According to Leamer, Trump is “a consummate public figure.”

“When he’s sitting there at Mar-a-Lago for dinner, you think he’s just sitting down, looking at his meal,” Leamer says. “He misses nothing… He just manipulates things the way he wants to. The fact that half the media in America, the national media, is so incredibly negative — they’re playing his game. That’s what he created.”

In fact, says Leamer, Trump “needs his enemies. The press is a great enemy for him to have.”

Mar-a-Lago Club

Cross Trump at Your Own Risk, Even in the Kitchen

On two occasions, Mar-a-Lago chefs felt the president’s wrath over dishes served to him.

Leamer recounts an incident when one young cook wanted to impress the boss by preparing Kobe steaks — the “most tender steaks in the world.”  After the chef cooked the meat, Trump, who prefers his very well done, found the meal far too easy to cut, says Leamer.

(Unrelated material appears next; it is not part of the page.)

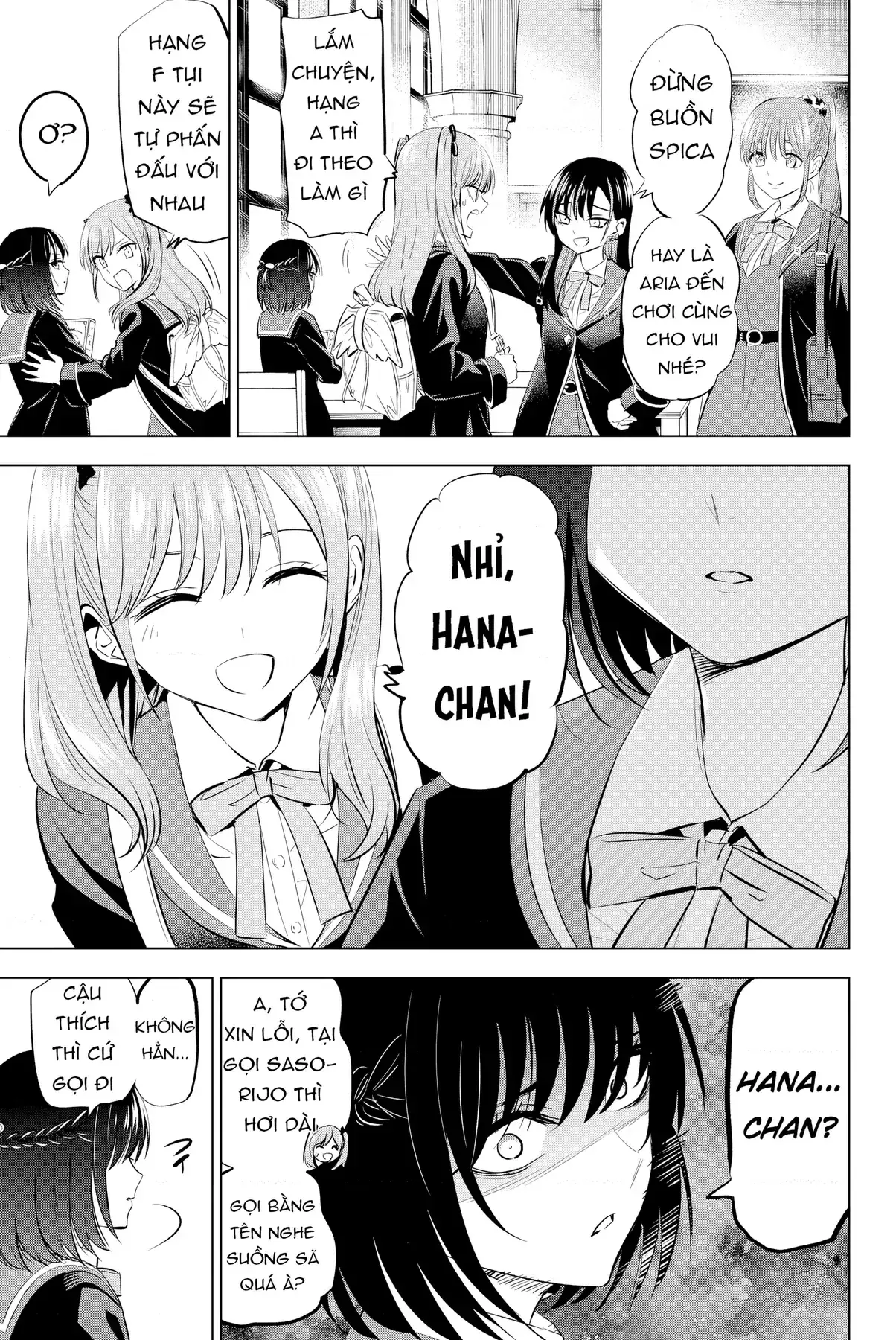 The Classroom Of A Black Cat And A Witch Chapter 16 - Trang 6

According to Leamer, “He says to [the chef], ‘What the f— is this? Bring me a steak.’ ” That was “the last Kobe steak that was ever served” at Mar-a-Lago.

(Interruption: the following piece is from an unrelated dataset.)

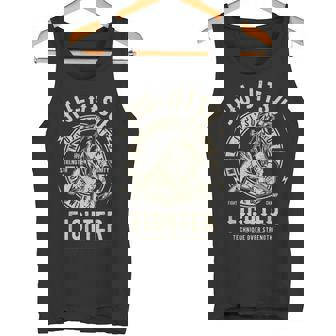 Jiu Jitsu Fighter Technique Overtrength Camiseta sin mangas - Regaloses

A similar incident occurred over, of all things, a widely liked Caesar salad that was a signature of one of his chefs.

Leamer says Trump, who preferred hamburgers, steak and a wedge of iceberg lettuce, was not a fan. According to Leamer, several months after the chef was hired, Trump came into the kitchen one day “swearing like a truck driver.”

“He went into the kitchen and he just blew up,” Leamer says. “He screams and yells and says ‘You and your f-ing salad. [And then] he makes his own salad and tells him, ‘I’ll show you how to make the Caesar salad.’ “

Trump proceeded to do just that, tossing together lettuce and croutons, “sprayed with salad dressing,” according to Leamer. He fired the chef the next day.

The President in His Happy Place: Alone but Tended to

“[Trump has] created his world,” says Leamer. “It’s what he’s done his whole life. This is what it’s come to: life of incredible isolation.”

According to previous PEOPLE reporting, Trump largely keeps to the same routine when visiting Mar-a-Lago, even while president: golfing at his private club in nearby West Palm Beach and meeting and dining with club members, regularly moving from table to table. Though invited to eat out at restaurants and private homes in the area, he prefers his own chef.

In a detailed portrait of the president published in December, the New York Times reported that Trump was “more sure of his own judgment and more cut off from anyone else’s than at any point since taking office.”

The Times article continued: “He spends ever more time in front of a television, often retreating to his residence out of concern that he is being watched too closely. As he sheds advisers at a head-spinning rate, he reaches out to old associates, complaining that few of the people around him were there at the beginning.”

Faced with negative headlines in recent months, he has reacted with incredulity, according to the Times: “Can you believe this? I’m doing great, but it’s a war every day.”

For the president, Mar-a-Lago will always be a refuge, a club source previously told PEOPLE.

“No matter what else is happening in the world, he is treated like royalty at Mar-a-Lago,” the source said. “He loves to be here.”